WEDNESDAY, FEBRUARY 10, 1932

HOUSE OF REPRESENTATIVES, COMMITTEE ON INSULAR AFFAIRS, Washington, D. C.

The committee met at 10.13 o'clock a. m., Hon. Butler B. Hare (chairman) presiding.

The CHAIRMAN. The committee will come to order.

We have with us this morning the Secretary of War, Mr. Hurley, and I am quite sure he would like to proceed with his statement without interruption, and I am sure the committee is anxious to hear what he has to say, with as little interruption as possible.

STATEMENT OF HON. PATRICK J. HURLEY, SECRETARY OF WAR Secretary HURLEY. Mr. Chairman and gentlemen of the committee, members of the Filipino delegation:

In response to what the chairman has said, I would like to say that I have no objection whatever to interruptions or questions, and I hope that when I leave the stand every member will have satisfied himself upon any subject I discuss, because that is my purpose in appearing before this committee.

I believe that no one should approach either side of this problem without having first convinced himself that he has a profound respect for the aspirations of the Filipino people. I am going to turn my argument around this morning by stating to you in the very beginning what I consider to be the fundamental conclusions that I have reached in my own study of this problem. After that I will attempt to present the facts and, to some extent, the arguments. The political chaos in the Orient to-day is such that in my opinion this is no time to deal with Philippine independence. The present legislation directed to that end would serve the interests of neither the Filipino people nor the United States.

Until the Filipino people shall have made greater progress toward economic independence political independence would merely invite revolution and anarchy. All the measures necessary for the attainment of economic independence can not be determined in advance. The political and social institutions of the Filipino people are not yet developed to a point where the stability of an independent. government would be reasonably assured.

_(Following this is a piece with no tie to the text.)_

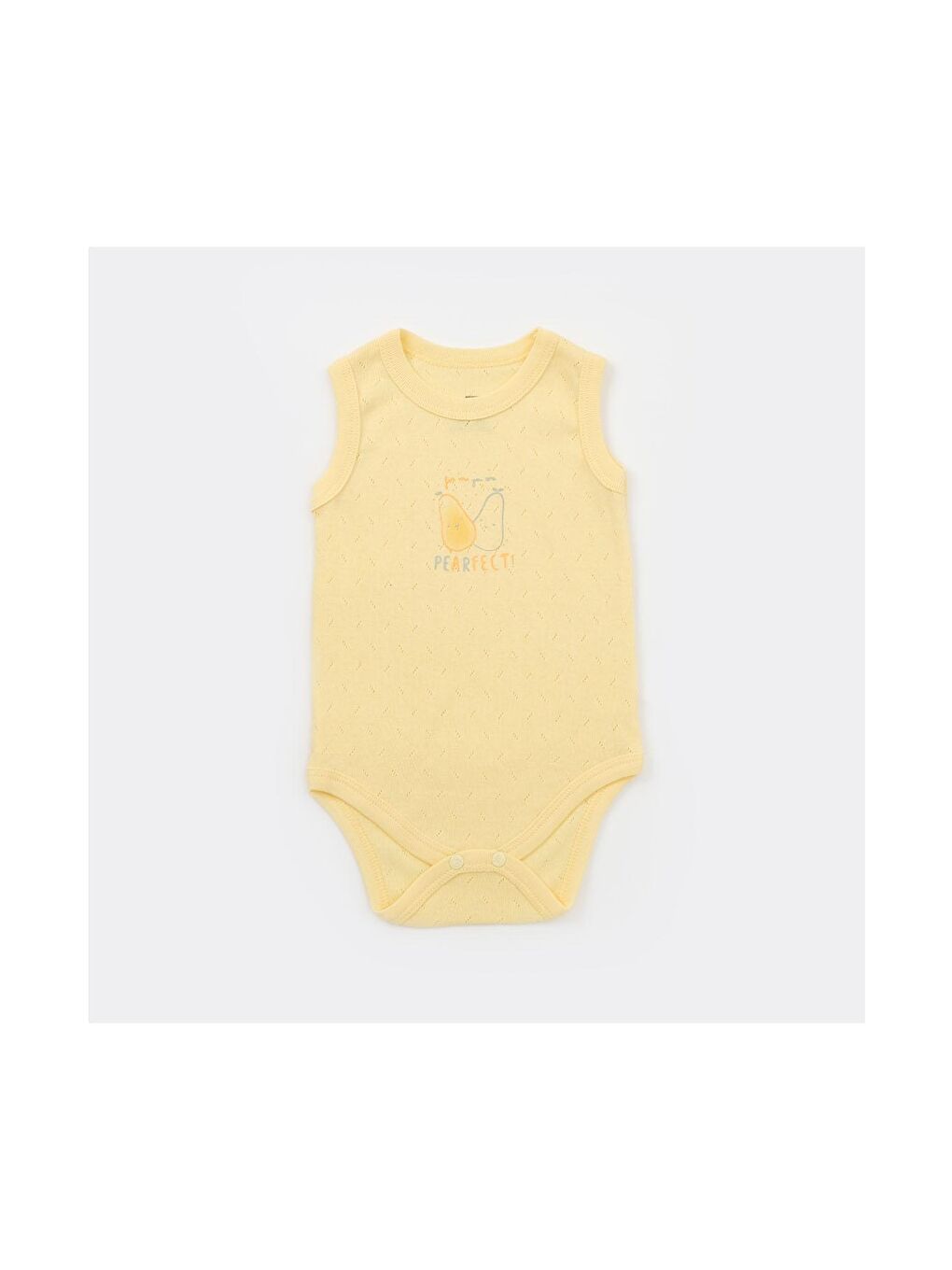 BIBABY Sarı Pearfect Sun Atlet Body Sarı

The most essential steps toward economic independence for the Philippine Islands are the establishment of stable trade relations, and greater diversification of Philippine agriculture and industry. Appropriate present measures to those ends include:

Legislation which will prevent excessive shipments to the United States of Philippine sugar and other Philippine products, the unrestricted entry of which to the United States on a duty-free basis may be prejudicial to American agriculture or industry or tend to undue expansion of a particular crop or industry of the Philippine Islands.

The enactment by the Philippine Legislature of tariff legislation which will give needed protection to American cotton textiles and to certain American farm and dairy products, thus tending to bring about a more balanced trade than now exists.

The immigration of Filipino labor to the United States is not to the best interests of either the Philippine Islands or the United States and equitable numerical limitation should be placed on such immigration accompanied by special provisions permitting the entry of public officials, students, and others ordinarily excepted from the full application of our immigration laws. Immigration regulation should not be based on racial grounds during the period of American sovereignty in the Philippine Islands.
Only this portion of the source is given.